En 40 av. J.-C., les armées de l’empire parthe menaçaient les territoires romains, conduisant le Sénat à prendre un pari risqué. Marc Antoine, vite rejoint par Octave, convainquit ses collègues de nommer Hérode « roi des Juifs ». En réalité, Hérode devait encore mériter sa couronne : il y avait déjà un roi des Juifs. Ainsi, au cours des trois années qui suivirent, Hérode mena une campagne brutale contre Antigone, dernier roi des Hasmonéens à descendre de la lignée royale. En 37 av. J.-C., soutenu par les légions de Rome, Hérode s’empara de Jérusalem.
RÉGNER SUR UN ROYAUME EN ÉBULLITION
Le règne d’Hérode fut un exercice de funambule. Rome exigeait la stabilité et les différentes circonscriptions judéennes désiraient une légitimité ancrée dans les traditions locales. À cause de ses origines iduméennes et de sa proximité avec l’empereur Auguste, Hérode était considéré comme le larbin de Rome. Pour gérer ses opposants, il bâtit un réseau d’espionnage sophistiqué et entreprit des interventions décisives, souvent violentes, à l’encontre de menaces, réelles ou imaginaires.
L’historien Flavius Josèphe, source principale de la vie d’Hérode, peignait le portrait d’un dirigeant à la paranoïa qui ne fit que grandir à mesure que passèrent les années, surtout lorsque ses rivaux, les prétendants Hasmonéens, étaient impliqués. Flavius Josèphe écrivait qu’Hérode avait exécuté plusieurs membres de sa propre famille étendue, y compris sa femme hasmonéenne bien-aimée, Mariamne, trois de ses fils, ainsi que la mère et le grand-père de sa femme.
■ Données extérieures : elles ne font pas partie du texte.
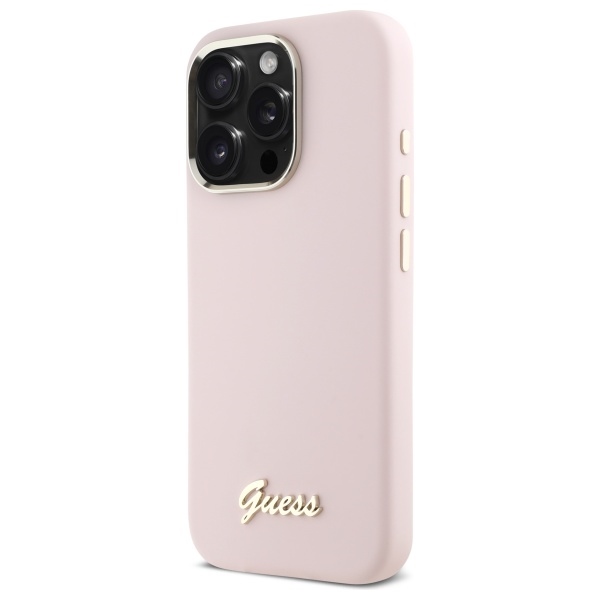 Guess iPhone 16 Pro dėklas Silicone Script Metal Logo & Frame, rožinis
Et pourtant, Hérode n’était pas qu’un simple despote. C’était un administrateur astucieux, dont les politiques économiques stimulèrent le commerce, l’agriculture et le développement urbain. Flavius Josèphe, qui n’était pas un grand admirateur d’Hérode, raconte que, durant une famine, Hérode distribua à la population de la nourriture tout droit venue des réserves royales. Il réduisit également les impôts deux fois et parvint à maintenir en grande partie la paix dans son royaume, pourtant situé dans une région autrement instable.
LE MASSACRE DES INNOCENTS
Ce fut surtout l’histoire de la Nativité qui donna à Hérode sa réputation violente, alors qu’il ordonna le massacre de tous les garçons de moins de deux ans. Cette histoire rappelle un passage du livre de l’Exode où Pharaon tenta d’éliminer Moïse, alors encore enfant, en ordonnant la mort de tous les garçons hébreux nouveau-nés. On ne trouve aucune autre référence à cet événement, même parmi les sources défavorables à Hérode. Comme le remarque Raymond Brown dans son livre Birth of the Messiah, si cet événement s’était vraiment déroulé, il aurait laissé des traces quelque part dans les archives historiques juives.
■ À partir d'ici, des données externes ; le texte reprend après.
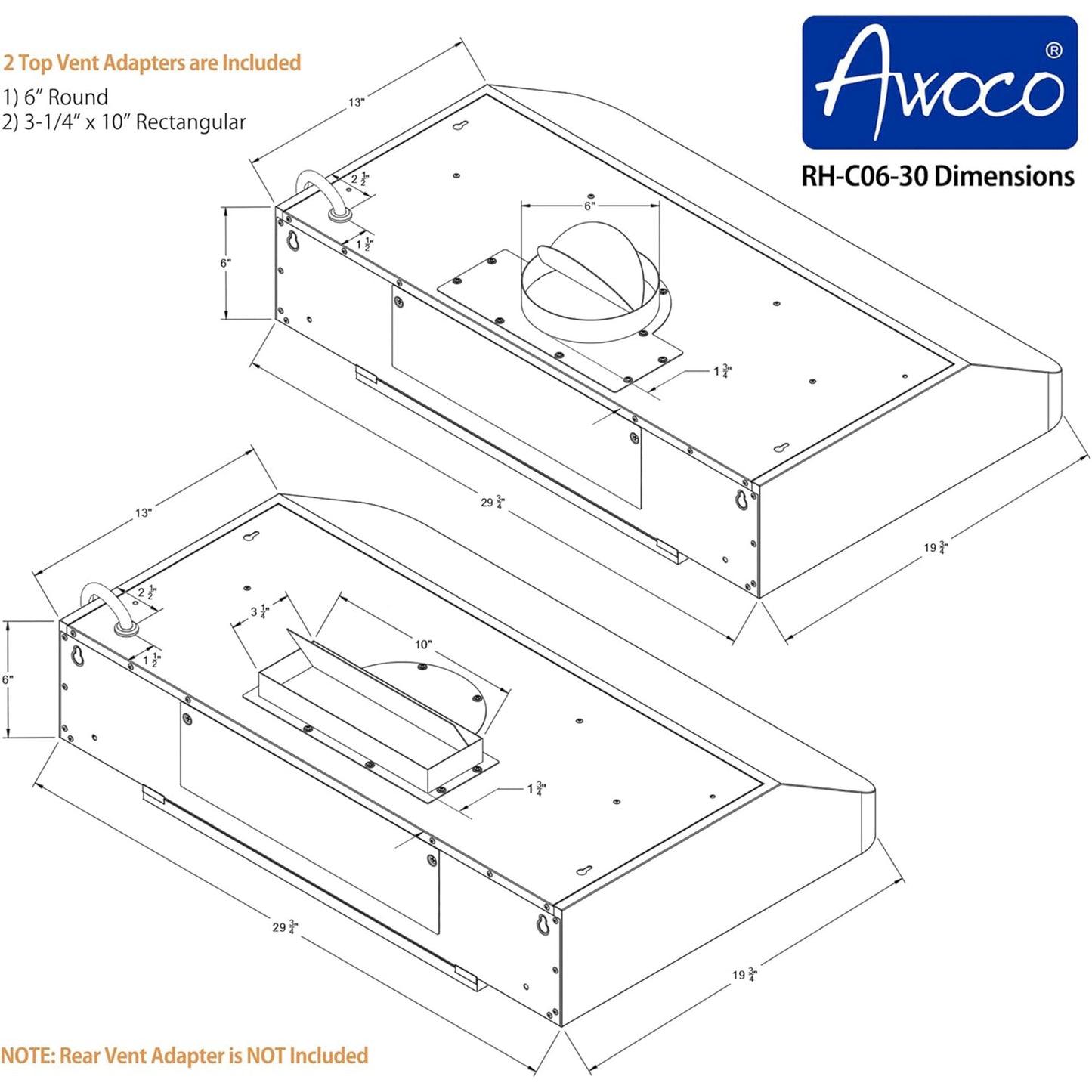 [Used] Awoco RH-C06-30 Classic 6" High Stainless Steel Under Cabinet 4 Speeds 900CFM Range Hood with 2 LED Lights Top Vent (30"W Top Vent)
Tim Whitmarsh, professeur regius de grec à l’université Cambridge, suggérait que cette histoire du massacre des nourrissons « aurait pu être empruntée à un événement similaire que l’on racontait à propos de Caius Octave, le futur empereur Auguste ». Tim Whitmarsh expliquait qu’« une ancienne prophétie prédisait qu’un dirigeant du monde naîtrait à Velletri, et un présage juste avant sa naissance fut interprété, annonçant que le moment était venu. Le Sénat, s’accrochant à son idée républicaine traditionnelle de “ne pas avoir de rois”, ordonna la mise à mort de tous les nouveau-nés mâles de la ville. Caius en réchappa, car ses parents n’avaient pas consigné sa naissance. » Des histoires comme celles-ci auraient très bien pu inspirer l’auteur biblique.
En parlant du règne d’Hérode, Adam Kolman Marshak explique : « Bien que beaucoup d’historiens ne croient pas en la valeur historique de la Nativité, je pense qu’elle trahit une certaine forme de vérité. Dans l’Évangile de Matthieu, Hérode fait montre d’une paranoïa incroyable et exprime des inquiétudes sur sa légitimité. Il traitait toute menace à son pouvoir aussi impitoyablement et brutalement que nécessaire. Cette brutalité et cette volonté à tuer quiconque représenterait une menace, réelle ou non, montrent une vérité historique à propos du dirigeant. Il savait que son emprise sur le pouvoir était ténue, et il était prêt à tout, même à tuer ses propres fils et sa femme, pour le conserver. »
HÉRODE LE BÂTISSEUR
Si l’on se souvient de Hérode pour quoi que ce soit de positif, c’est sûrement pour la portée époustouflante de sa vision architecturale. À travers la Judée, et au-delà, il laissa dans son sillage des cités, des forteresses, des palais et des monuments qui rivalisaient avec les plus grandes réussites de Rome.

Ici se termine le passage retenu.